Mexico's Journalists Under Siege

An unprecedented spike in violence is testing the skills and freedoms of the press in North America's youngest democracy.

More than 3,800 citizens killed by organized crime so far in 2008.

Twenty-three journalists murdered since 2000.

Second only to Russia in journalists “disappeared” since 1982.

“The numbers are eloquent,” Carlos Lauria of the Committee to Protect Journalists said, introducing the statistics projected onto the screen behind him. But as the conference — “Scared Silent: Mexico’s Journalists Under Siege” — continued at Columbia University’s School of Journalism, it became clear that the numbers don’t tell the whole story.

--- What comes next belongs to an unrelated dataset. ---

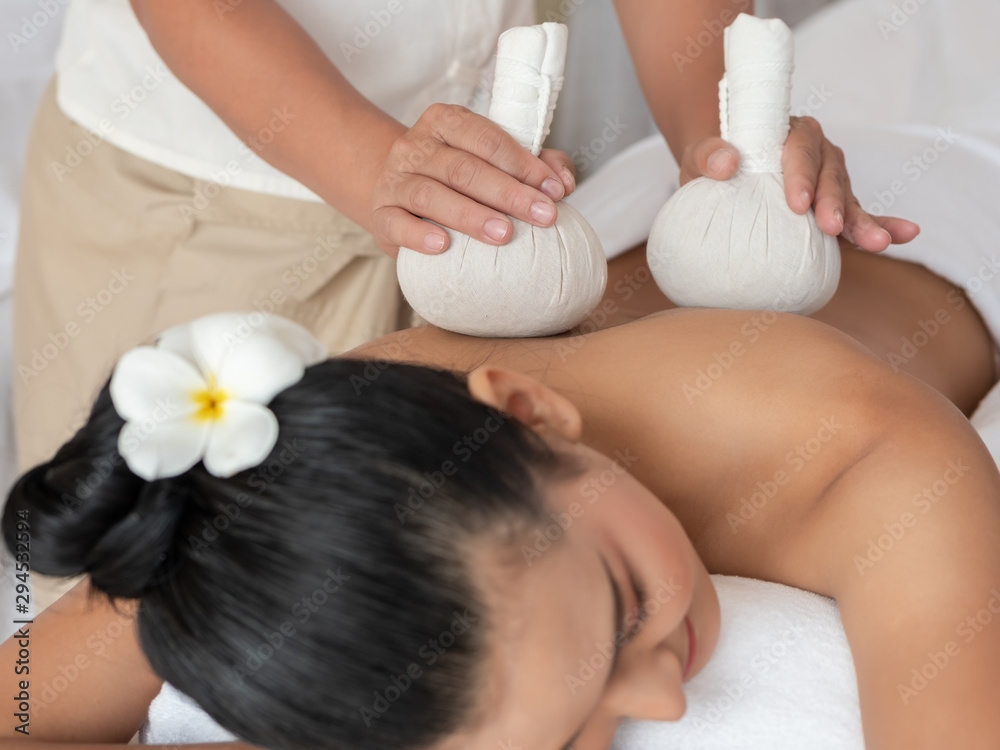 Beautiful young asian woman lying on the bed having a massage with herbal compresses in a spa. Thai massage for health. Select focus hand of masseuse Beautiful young asian woman lying on the bed having a massage with herbal compresses in a spa. Thai massage for health. Select focus hand of masseuse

Why the new spike in violence, when the primary cause — warring drug cartels — isn’t new? And, with Tijuana experiencing as many deaths in recent weeks as Baghdad, how do reporters approach a story that combines challenges conventionally associated not just with organized crime, but with terrorism, repression and war?

For reporters accustomed to a standard crime beat, one challenge Mexico poses is covering chronic violence as a “social story,” in the words of Jose Luis Santiago Vasconcelos, former Deputy Attorney General for Organized Crime, “instead of reporting it from a cops and robbers point of view.”

Angela Kocherga, the border bureau chief for Belo Television, echoed this sentiment, describing news consumers as experiencing “battle fatigue.” “We need to get past the body count,” she said, and cover the impact on communities. But as the conference made clear, the absence of such stories is less a reflection of journalists’ desires than of the threats, direct and indirect, that face those who expose people in power.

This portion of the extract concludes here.